# [EXERCISE OBJECTIVE]
Take the line that contains "21540 23rd Avenue Bayside NY 11360" as the first and the last line of the material as the final one; set down exactly the lines in that span.

-----

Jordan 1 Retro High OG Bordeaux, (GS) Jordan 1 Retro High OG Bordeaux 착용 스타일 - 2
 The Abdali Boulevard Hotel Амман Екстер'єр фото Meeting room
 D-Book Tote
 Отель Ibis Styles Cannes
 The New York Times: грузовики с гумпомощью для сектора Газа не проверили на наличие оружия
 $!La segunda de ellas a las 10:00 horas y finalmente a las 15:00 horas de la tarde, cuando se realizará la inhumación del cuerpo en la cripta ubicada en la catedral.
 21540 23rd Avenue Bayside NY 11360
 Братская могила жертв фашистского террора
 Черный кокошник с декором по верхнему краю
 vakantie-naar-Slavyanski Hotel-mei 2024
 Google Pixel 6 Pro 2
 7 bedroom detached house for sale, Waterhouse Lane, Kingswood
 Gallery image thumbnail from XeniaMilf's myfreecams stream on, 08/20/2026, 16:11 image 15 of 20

-----

# [COMPLETED TASK]
 21540 23rd Avenue Bayside NY 11360
 Братская могила жертв фашистского террора
 Черный кокошник с декором по верхнему краю
 vakantie-naar-Slavyanski Hotel-mei 2024
 Google Pixel 6 Pro 2
 7 bedroom detached house for sale, Waterhouse Lane, Kingswood
 Gallery image thumbnail from XeniaMilf's myfreecams stream on, 08/20/2026, 16:11 image 15 of 20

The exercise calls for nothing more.